Real gold. A humidor for a two-million-dollar hypercar. A holster fitted around a vintage revolver, millimeter perfect. Welcome to Hennessey's world of Venom F5 customers who think a paint code is beneath them.
Hennessey Design Director Nathan Malinick told Motor1 about the strangest requests the company has ever fielded on the Venom F5. One client from Mexico didn’t want gold accents or gold leaf — he wanted real gold in place of the metal. “He said: ‘No, no, I want gold’… So the vents on his engine cover are actual gold,” Malinick recalled.
Hennessey isn’t doing that again. It’s not about cost, it’s about physics: gold is simply too soft. “If you go to clean a real piece of gold, bad things happen. So we will not do that again,” the designer admitted.
Then there’s the Venom F5 built for Michael Jordan. In 2023 the basketball legend and cigar enthusiast got a humidor built into his glovebox. It wasn’t Jordan’s own request — the Hennessey team simply decided to go over the top on that particular build.
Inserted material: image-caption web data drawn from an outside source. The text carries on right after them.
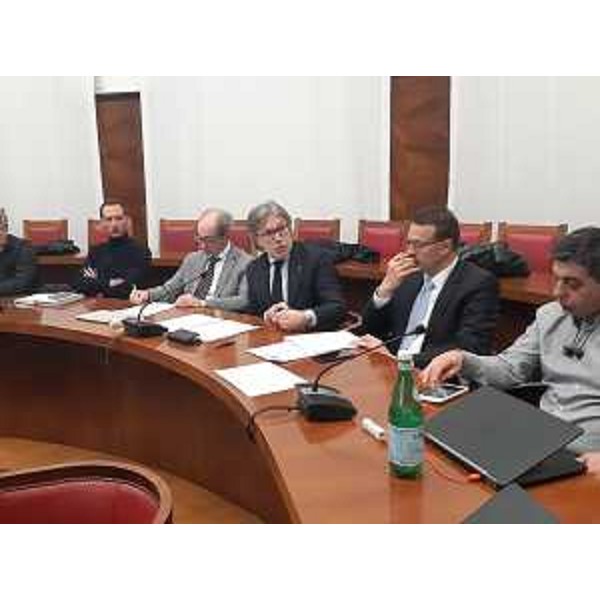 L'assessore regionale Sergio Emidio Bini mentre interviene al tavolo sulla Flex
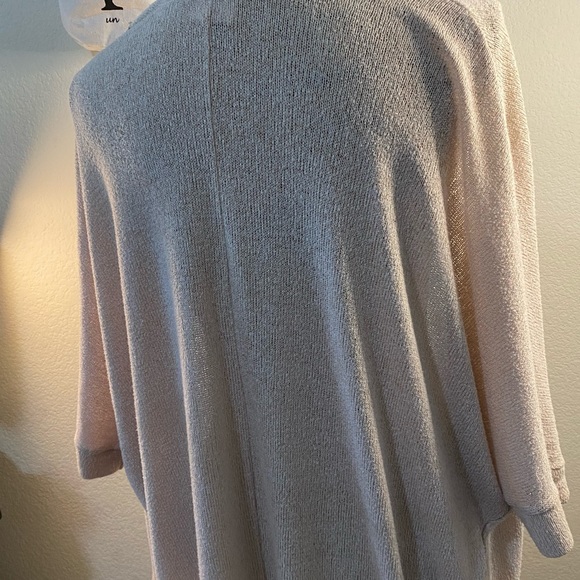 Cream colored cardigan - Picture 2 of 4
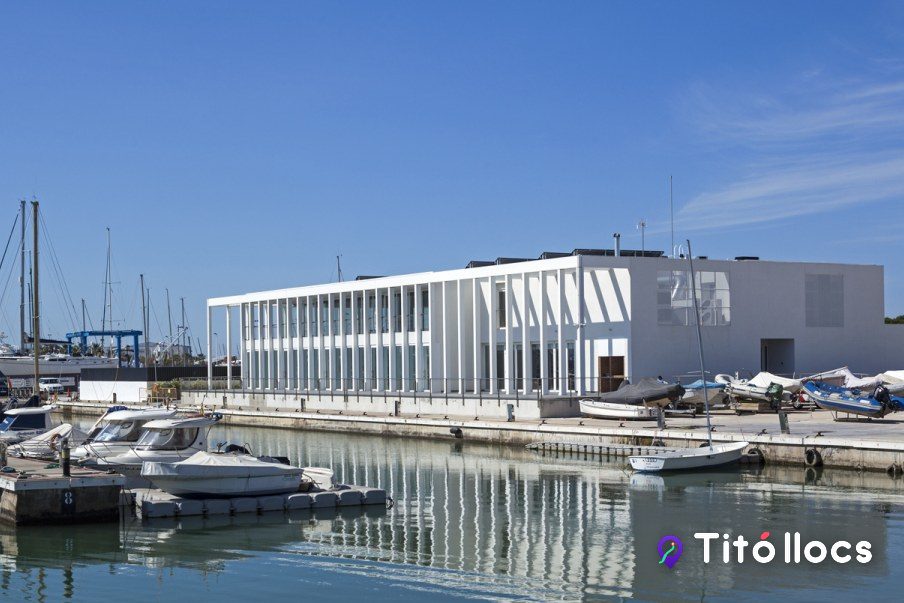 Club Nàutic de Vilanova i la Geltrú, Sortir a alta mar des del port de Vilanova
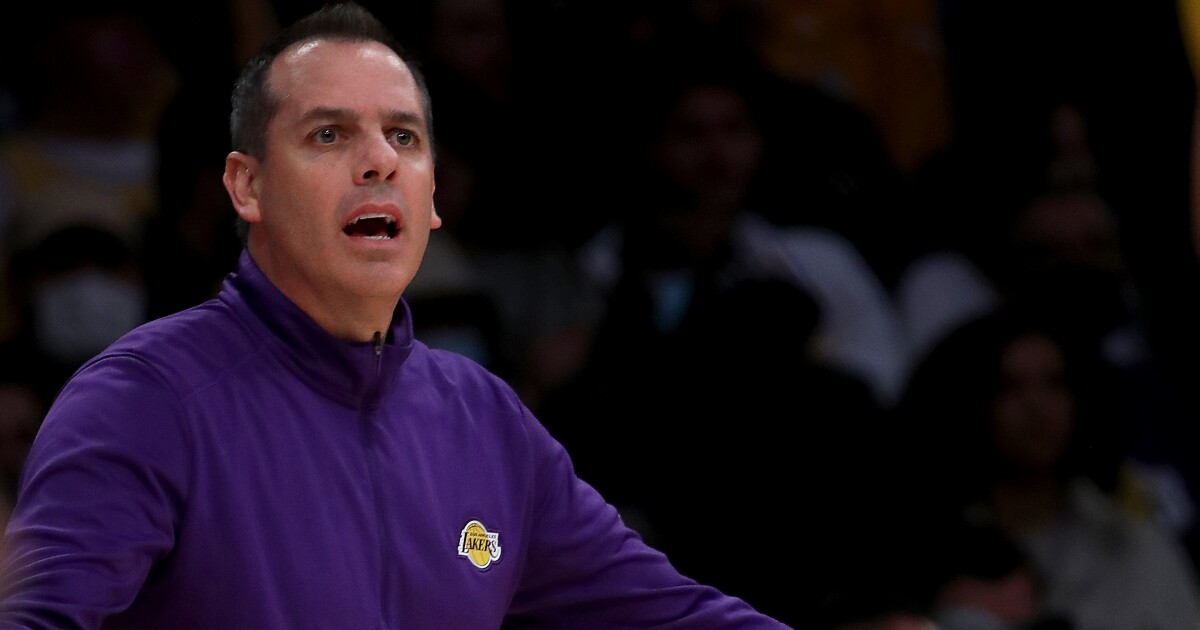 Jika Lakers terus terhuyung-huyung, Frank Vogel akan turun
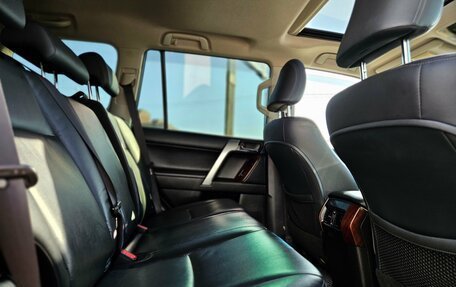 Toyota Land Cruiser Prado 150 рестайлинг 2, 2016 год, 3 699 000 рублей, 15 фотография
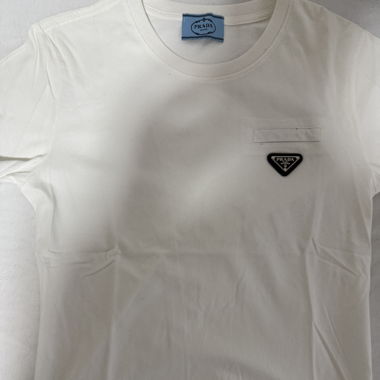 PRADA T-SHIRT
Texas has its own flavor of excess, too. In 2024 Hennessey fitted one car with a dedicated mount for a customer’s vintage Colt 1911. According to Malinick, the pistol fits into the compartment “millimeter perfect.” For anyone who wants to go further, there’s even a gun-shaped ignition key.
To an outsider, all of this looks absurd. But in the world of the Venom F5, absurdity is the product. Horsepower, carbon fiber and a sub-two-second sprint stopped being unique the moment the guy in the next garage had the same numbers. That’s exactly why Hennessey has already opened its Maverick division — dedicated to one-off builds, from special finishes to far deeper mechanical and body reworks.
Set against Ferrari Tailor Made, Porsche Sonderwunsch, Bentley Mulliner and Aston Martin Q, this isn’t a whim — it’s a calculated business model. The richer the client, the less they want the “top trim,” and the more they want a story to tell at dinner.
Hennessey, it seems, is ready for almost anything. Gold, though, is better left in the safe — not bolted to the engine cover.